Now that “Aamir Khan, Fanaa and Gujarat” controversy has died down, let me tell you about the rudest reminder we got from this whole episode.

Even though we live in a free country, political hooligans who use fear as the weapon, are easily capable of curbing our freedom of expression and choice. Break down the whole incident into episodes, what exactly happened? BJP, the ruling party, said they don’t want Fanaa screened in Gujarat. Everyone interpreted that as “Gujarat government banned Fanaa”. But the state government had never ‘officially’ banned the movie. Producers of Fanaa however knew a ban existed on the ground, and knocked at the Supreme Court to seek protection for theaters that wanted to screen the movie. SC said sorry, there is no ban, theater owners are free to exercise their choice, so why should you request any protection!
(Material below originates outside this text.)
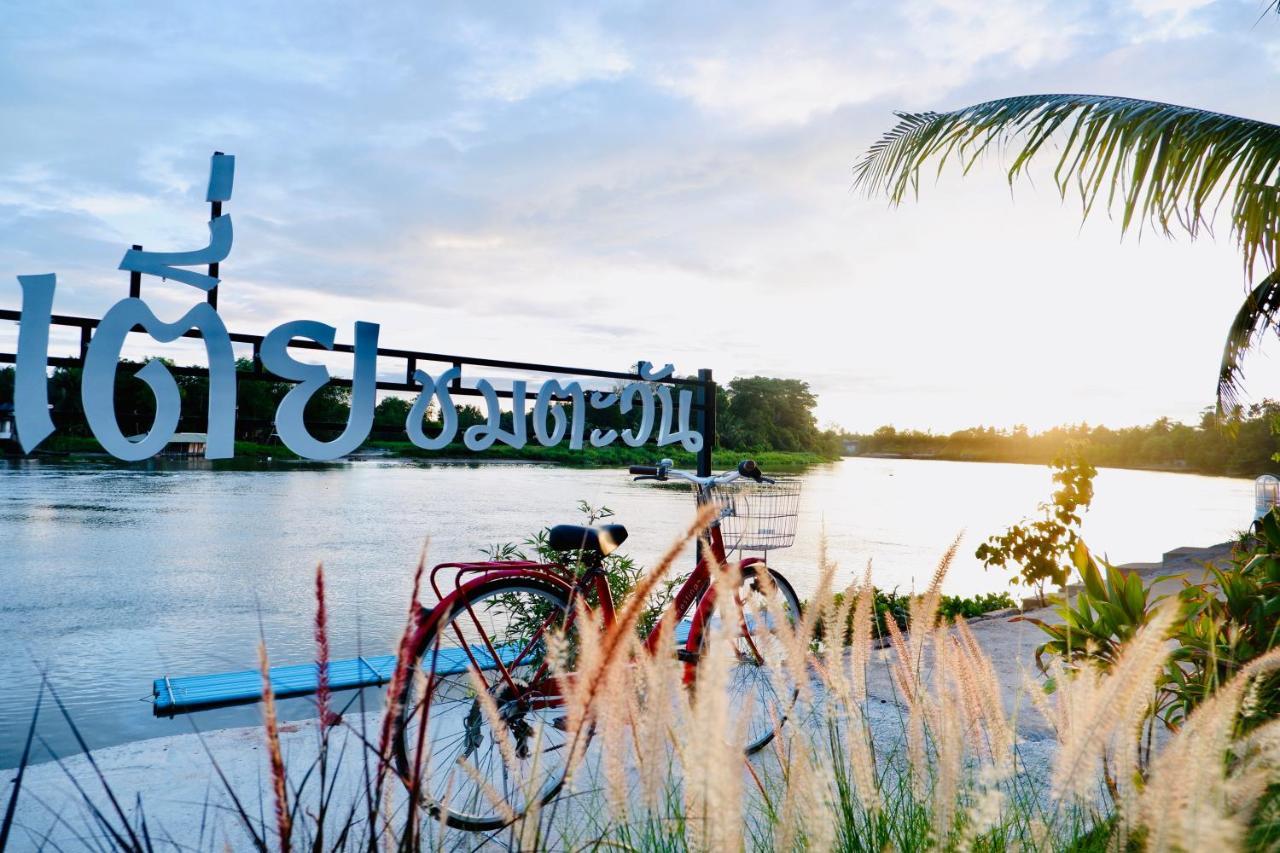 Baantia Chomtawan Bed & Breakfast Surat Thani Exterior photo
Would the Gujarat theaters screen Fanaa? No! Who wants his business damaged and vandalized for no reason! [Note: some ‘brave’ theaters did screen the movie.]

So, here was Fanaa, caught in the middle of nowhere, thanks to this “virtual ban”! The problem is this. A ban or bandh call by a political party is seen as a mere “call” by the judiciary. The assumption is that people can ignore these calls and exercise their freedom of expression and choice.

However, in reality, there is no such freedom, unless you want to be a real brave guy. If you ever lived in semi-urban India, you would know that really well.

When a political group declares a bandh, it uses real muscles to enforce it. They use paid vandals, and the “mob can always get away” reality to enforce their diktat. I remember seeing it all while growing up. Jeeps full of hooligans would drive around the town to force down shutters of all the businesses. A journalist would usually follow with a camera. Once the drama was done, many shops would return to business as usual. And next day, we would have reports in the news papers – “XYZ party’s bandh peaceful and successful” – followed by pictures of shops that were forced shut!

Things used to be this blatant perhaps only in Bihar, but the “sponsored” bandh culture exists in every other state now. And I hardly ever read about people getting punished for using violent means to enforce these. Mobs can take the law in their hands and just get away. So go “buy” a mob, and you too can organize a successful and peaceful “bandh”!

Summing it up, the lesson from Fanaa controversy is: if a political group with muscles protests against you, just give up!